Please copy all of the data that follows exactly, leaving any pictures out.

● **Short descriptive text snippets**

= = = = = = =

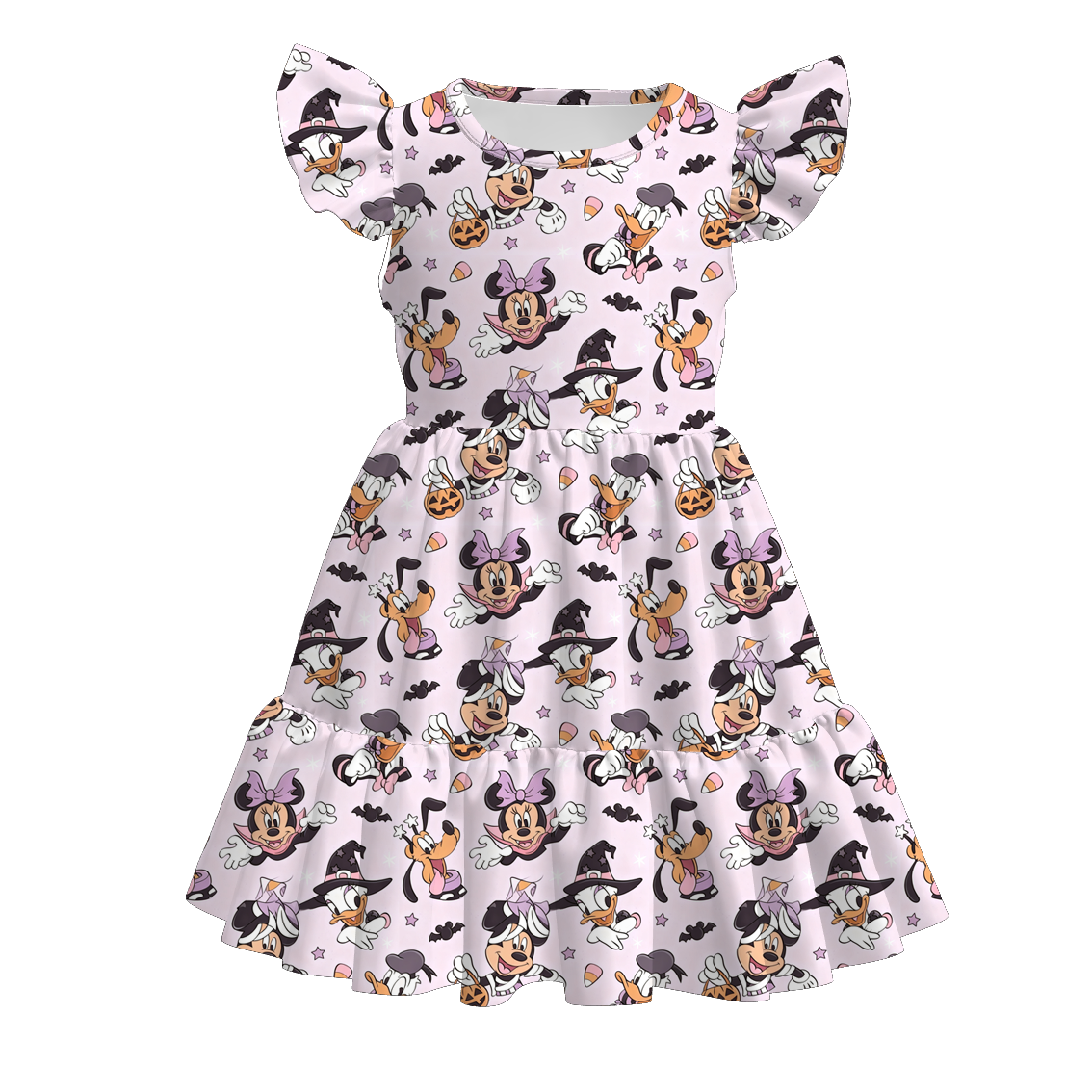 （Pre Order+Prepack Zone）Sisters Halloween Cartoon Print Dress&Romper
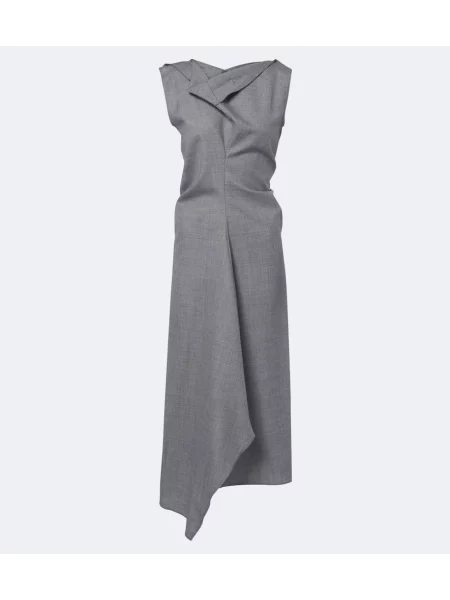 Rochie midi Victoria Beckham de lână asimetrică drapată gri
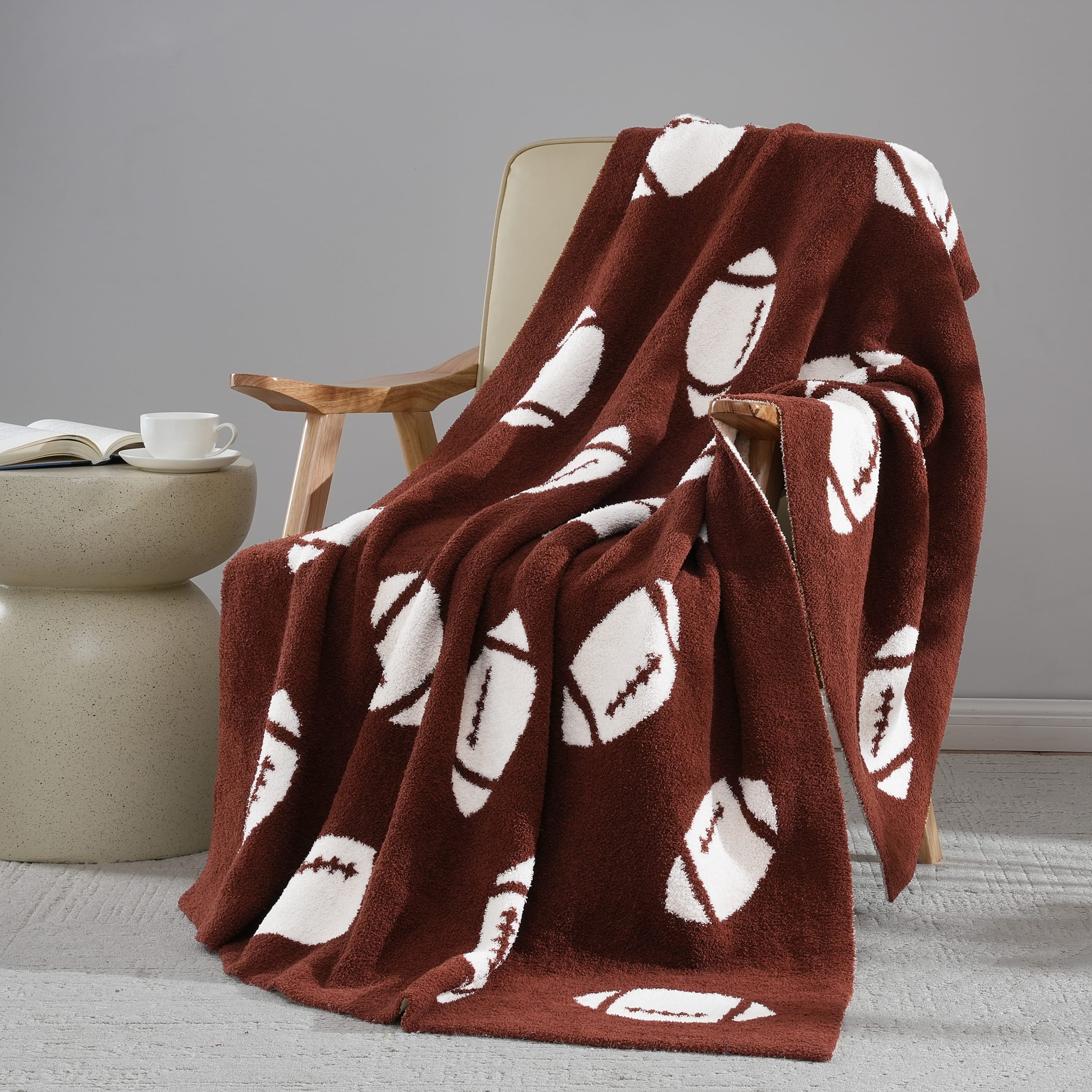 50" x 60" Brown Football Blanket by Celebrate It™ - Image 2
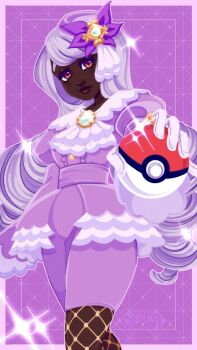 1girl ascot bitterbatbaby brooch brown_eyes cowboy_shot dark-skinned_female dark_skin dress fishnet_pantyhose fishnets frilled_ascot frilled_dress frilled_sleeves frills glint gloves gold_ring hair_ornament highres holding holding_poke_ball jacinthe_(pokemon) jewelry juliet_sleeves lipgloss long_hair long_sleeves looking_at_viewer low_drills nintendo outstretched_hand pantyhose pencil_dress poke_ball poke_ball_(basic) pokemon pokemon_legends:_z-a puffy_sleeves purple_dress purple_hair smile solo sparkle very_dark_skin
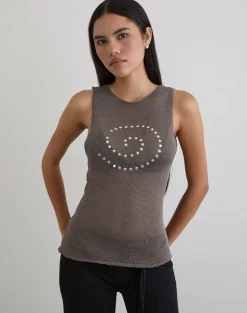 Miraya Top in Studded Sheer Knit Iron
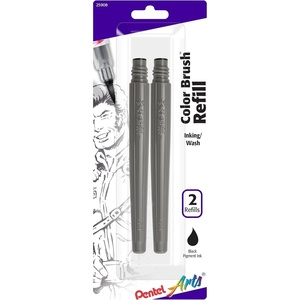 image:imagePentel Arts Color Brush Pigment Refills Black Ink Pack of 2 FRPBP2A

= = = = = = =

● **Expected output**
 （Pre Order+Prepack Zone）Sisters Halloween Cartoon Print Dress&Romper
 Rochie midi Victoria Beckham de lână asimetrică drapată gri
 50" x 60" Brown Football Blanket by Celebrate It™ - Image 2
 1girl ascot bitterbatbaby brooch brown_eyes cowboy_shot dark-skinned_female dark_skin dress fishnet_pantyhose fishnets frilled_ascot frilled_dress frilled_sleeves frills glint gloves gold_ring hair_ornament highres holding holding_poke_ball jacinthe_(pokemon) jewelry juliet_sleeves lipgloss long_hair long_sleeves looking_at_viewer low_drills nintendo outstretched_hand pantyhose pencil_dress poke_ball poke_ball_(basic) pokemon pokemon_legends:_z-a puffy_sleeves purple_dress purple_hair smile solo sparkle very_dark_skin
 Miraya Top in Studded Sheer Knit Iron
 image:imagePentel Arts Color Brush Pigment Refills Black Ink Pack of 2 FRPBP2A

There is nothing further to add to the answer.